→ **Assigned task**
If a record holds a picture, omit the picture, but copy everything else below exactly.

→ **Source data**
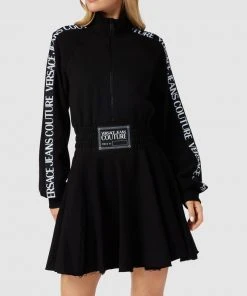 Versace Jeans Couture Kleid Mit Label-Patch - Schwarz 8 Versace Jeans Couture Kleid Mit Label-Patch - Schwarz -Vera Wang Shop 8krlcjhoa90jijag9ookid278d2jgl2e8l1kkjhk9t8l0i1l68rjii1pakqk6i9g895j0e1o912j4cqj6d3j6dpmcosm2ohoc4o6ap1kclh3ae3561hmccr5ckqjedj4cdj62cg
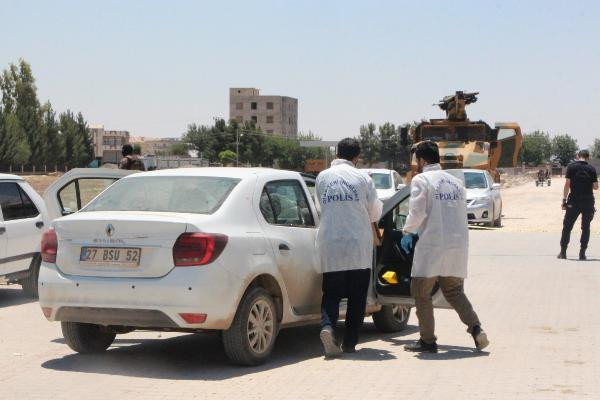 Suruç'ta 4 çuval oy pusulası ele geçirildi! Gözaltılar var - Resim: 3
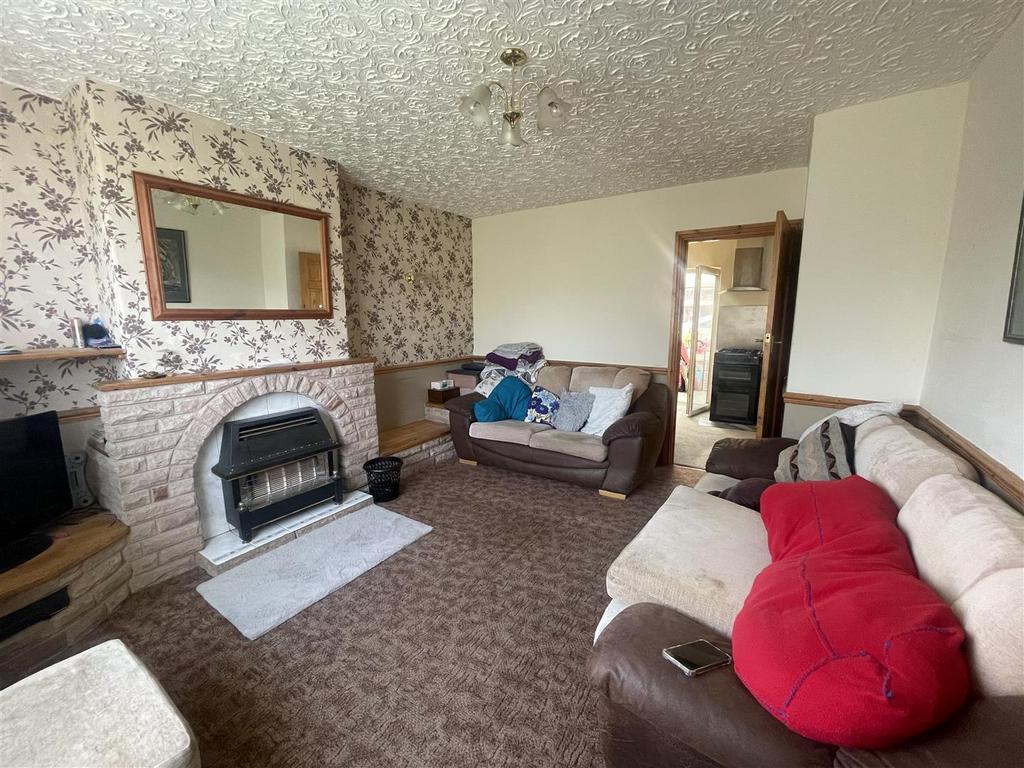 Lounge 2.jpg
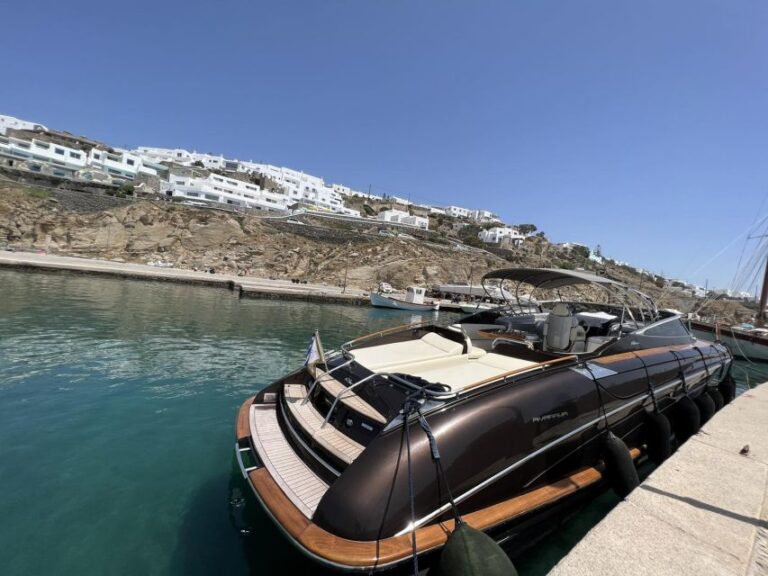 Santorini: Private Riva Yacht Cruise With Meal & Open Bar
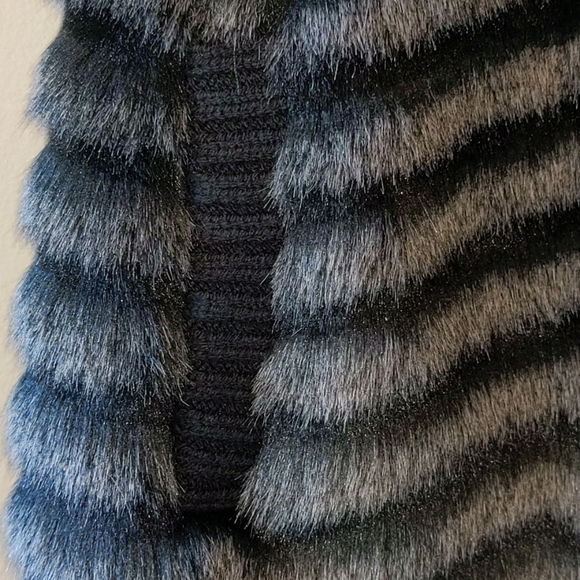 Chico's faux fur vest with side pockets - Picture 3 of 11
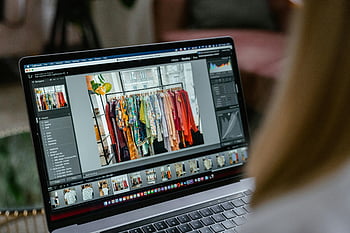 Fotobearbeitung, Laptop, Kleiderständer, Fotosoftware, Nahansicht, Bilder bearbeiten, Modefotografie, digitale Bearbeitung, Foto-Manipulation, Mode-Design, Kleidungsdisplay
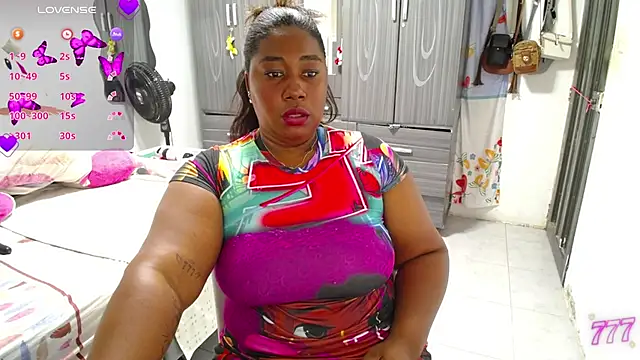 Snapshot of thickebonymilfF chatting on July 2026 01:24:02 AM thickebonymilfF online show from July 2026 01:24:02 AM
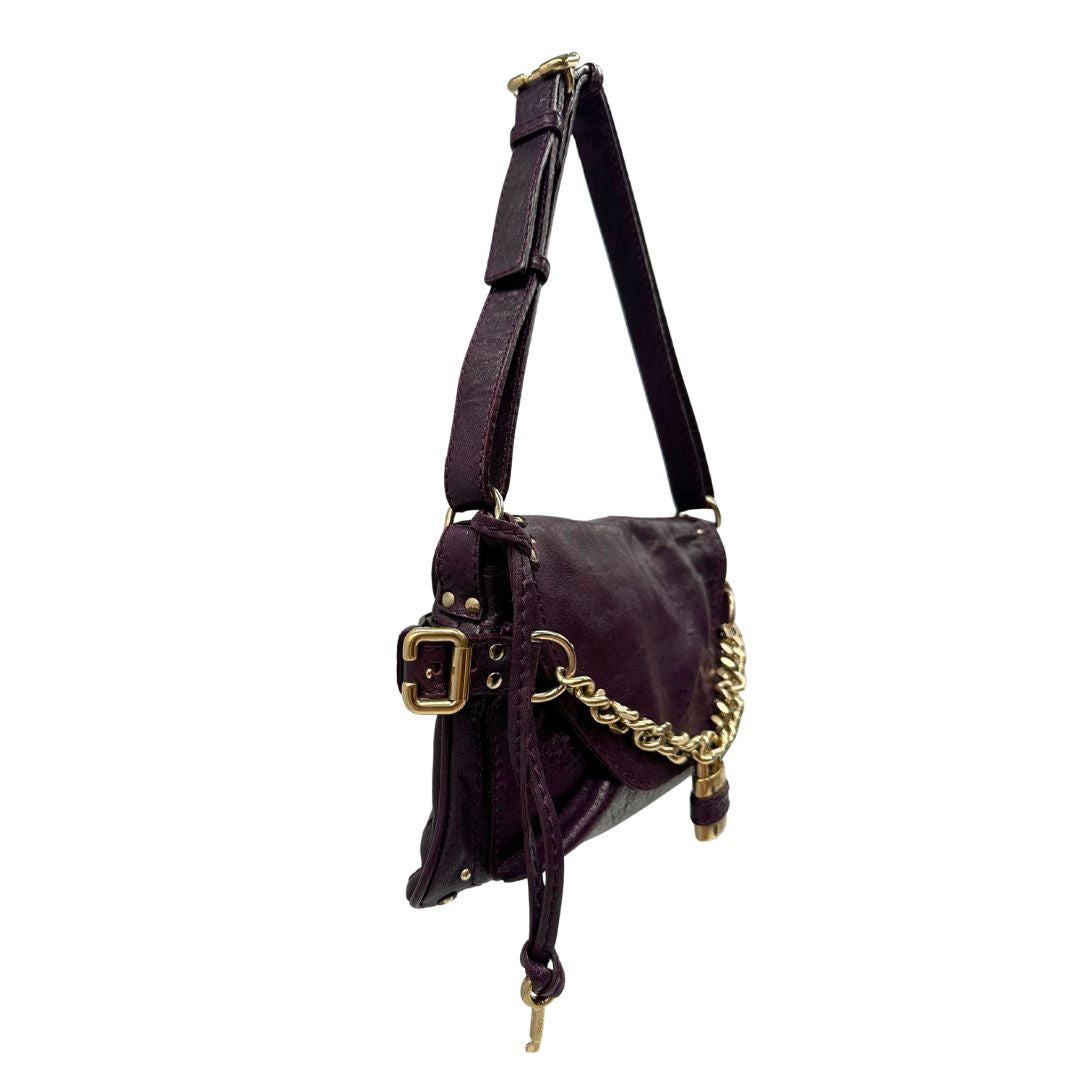 Laterale Borsa Chloé Maxi Lock in pelle viola prugna con parti metalliche dorate. Munita di un manico regolabile e impreziosita da una catena sul front con lucchetto. Originale, usato, in condizioni ottime. 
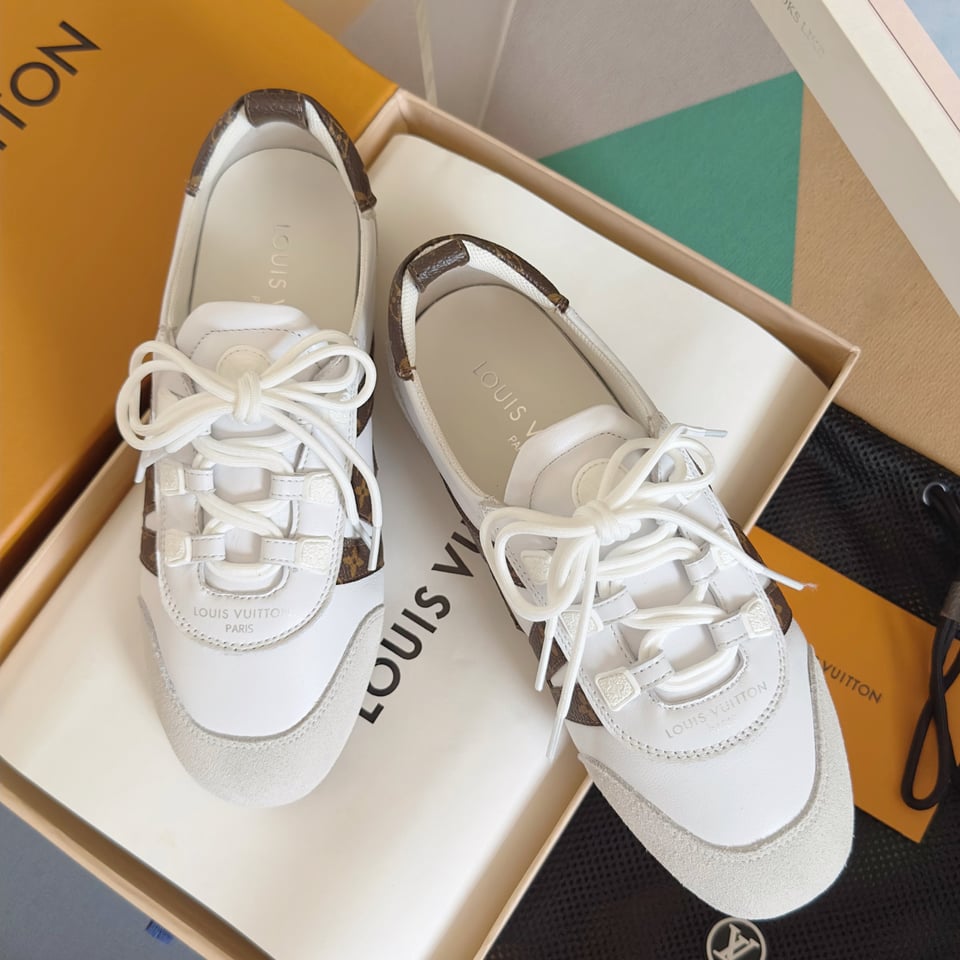 Louis Vuitton Sneakerina Monogram White – Women’s Ballet-Inspired Slim Sneakers view 9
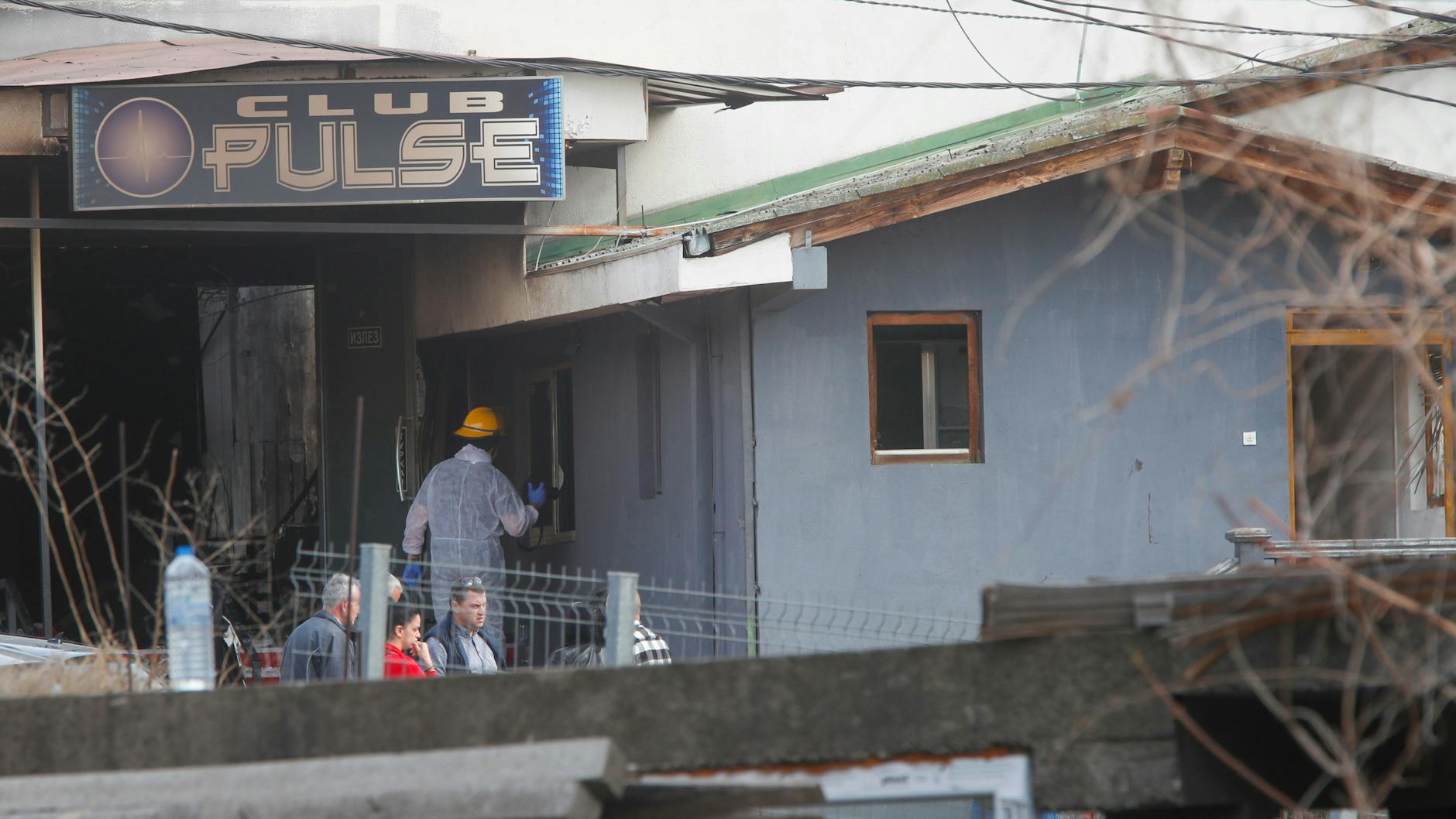 Ermittler untersuchen Nachtclub „Pulse“ in Kocani am Morgen nach dem Großbrand.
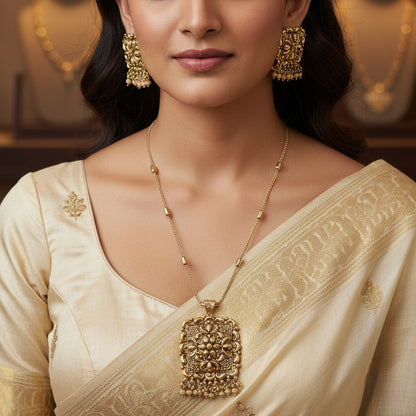 Square Gold Pendant Set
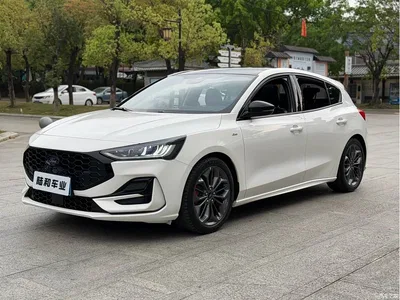 2022 Ford Focus Hatchback EcoBoost 180 Automatic ST Line, фото 1, лот 10306025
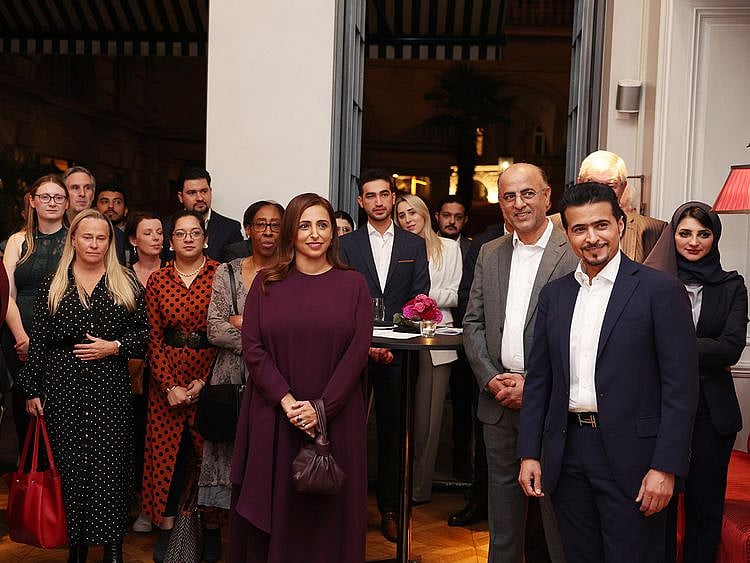 Bodour-Al-Qasimi-mediating-the-attendees-during-the-announcement-1666442682797
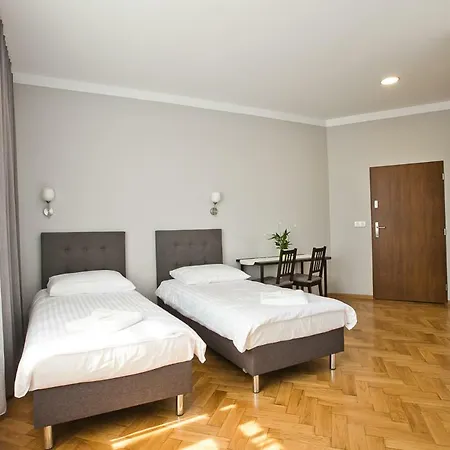 Апартаменты R&b *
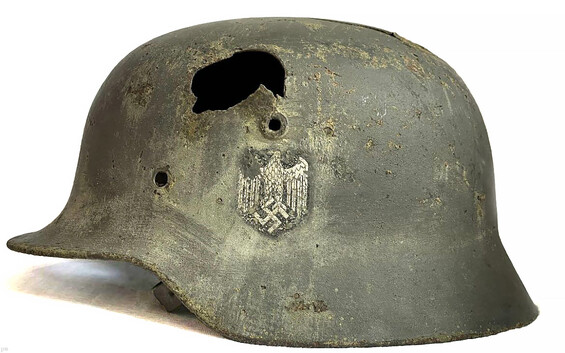 Wehrmacht helmet M40 / from Stalingrad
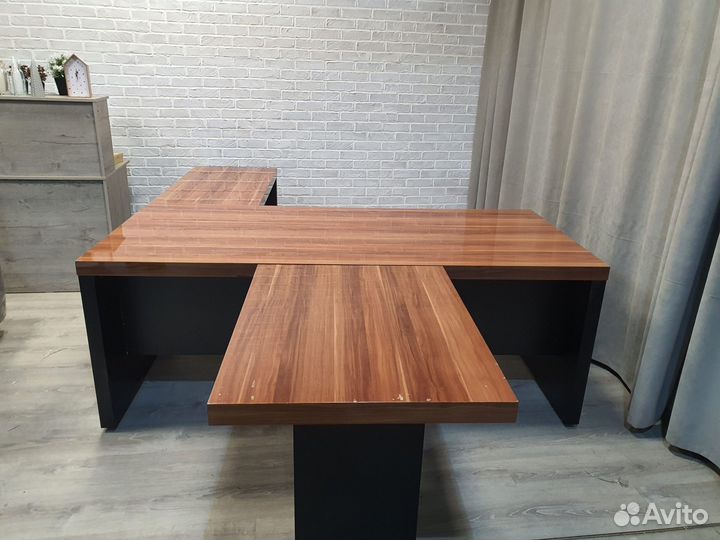 Стол руководителя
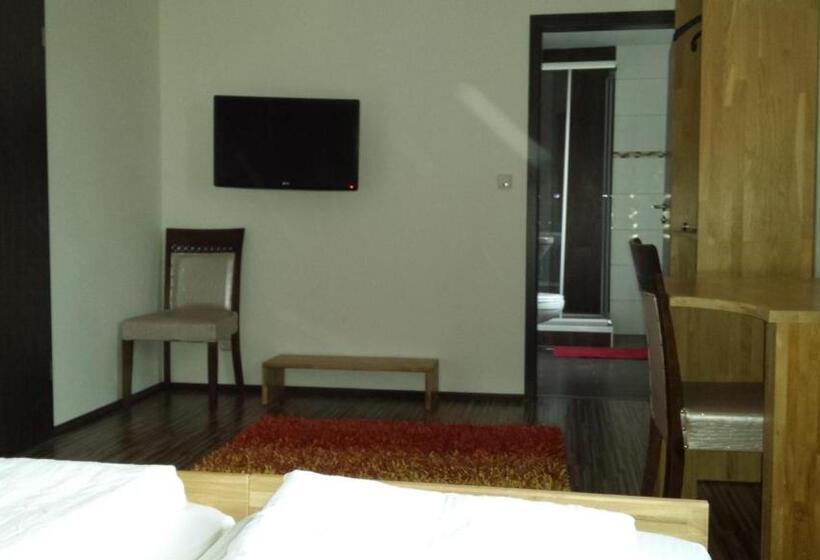 标准三人间, La Terrazza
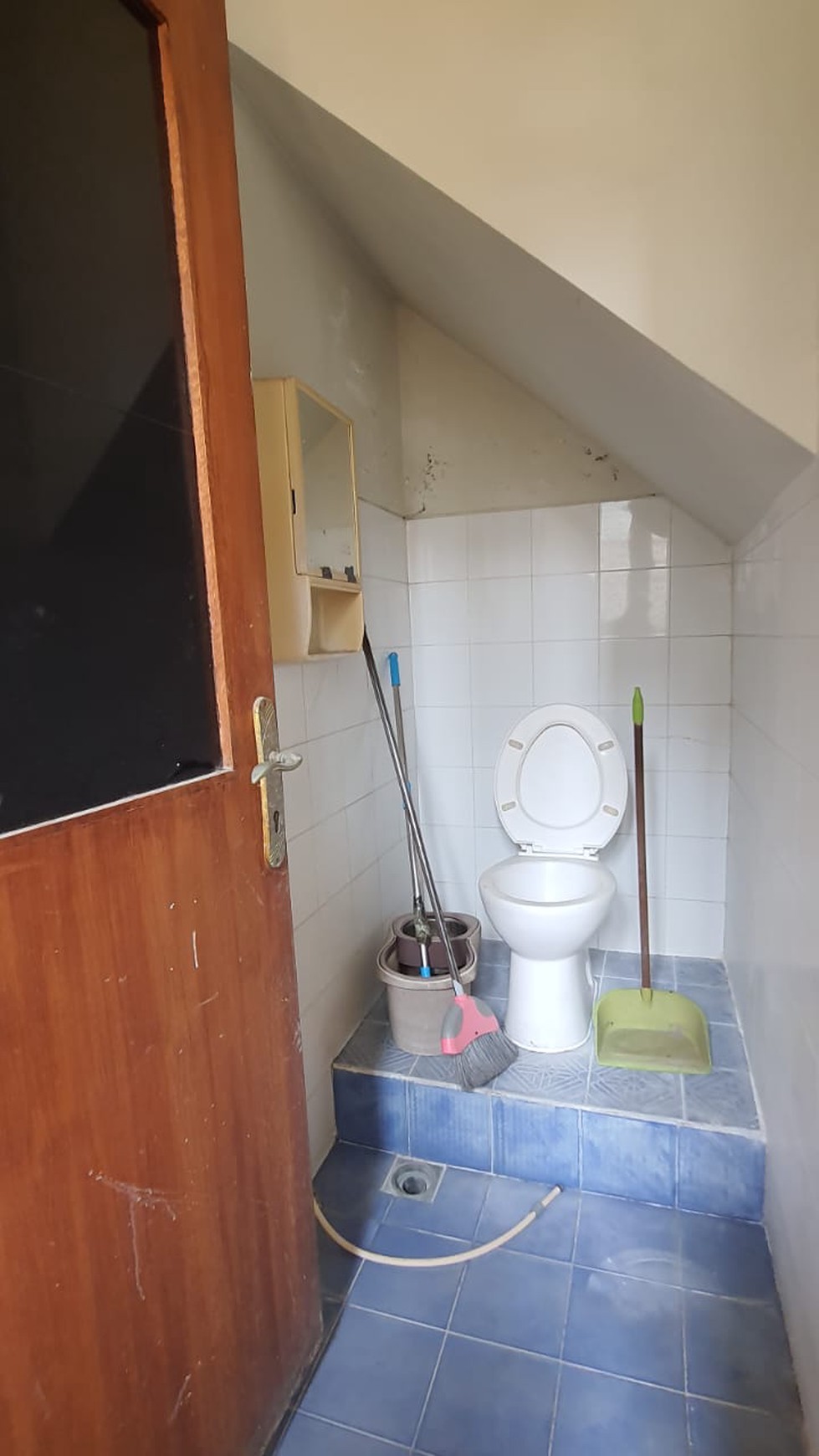 Rumah Luas Dua Lantai Semi Furnished di Kota Wisata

→ **Problem solution**
 Versace Jeans Couture Kleid Mit Label-Patch - Schwarz 8 Versace Jeans Couture Kleid Mit Label-Patch - Schwarz -Vera Wang Shop 8krlcjhoa90jijag9ookid278d2jgl2e8l1kkjhk9t8l0i1l68rjii1pakqk6i9g895j0e1o912j4cqj6d3j6dpmcosm2ohoc4o6ap1kclh3ae3561hmccr5ckqjedj4cdj62cg
 Suruç'ta 4 çuval oy pusulası ele geçirildi! Gözaltılar var - Resim: 3
 Lounge 2.jpg
 Santorini: Private Riva Yacht Cruise With Meal & Open Bar
 Chico's faux fur vest with side pockets - Picture 3 of 11
 Fotobearbeitung, Laptop, Kleiderständer, Fotosoftware, Nahansicht, Bilder bearbeiten, Modefotografie, digitale Bearbeitung, Foto-Manipulation, Mode-Design, Kleidungsdisplay
 Snapshot of thickebonymilfF chatting on July 2026 01:24:02 AM thickebonymilfF online show from July 2026 01:24:02 AM
 Laterale Borsa Chloé Maxi Lock in pelle viola prugna con parti metalliche dorate. Munita di un manico regolabile e impreziosita da una catena sul front con lucchetto. Originale, usato, in condizioni ottime. 
 Louis Vuitton Sneakerina Monogram White – Women’s Ballet-Inspired Slim Sneakers view 9
 Ermittler untersuchen Nachtclub „Pulse“ in Kocani am Morgen nach dem Großbrand.
 Square Gold Pendant Set
 2022 Ford Focus Hatchback EcoBoost 180 Automatic ST Line, фото 1, лот 10306025
 Bodour-Al-Qasimi-mediating-the-attendees-during-the-announcement-1666442682797
 Апартаменты R&b *
 Wehrmacht helmet M40 / from Stalingrad
 Стол руководителя
 标准三人间, La Terrazza
 Rumah Luas Dua Lantai Semi Furnished di Kota Wisata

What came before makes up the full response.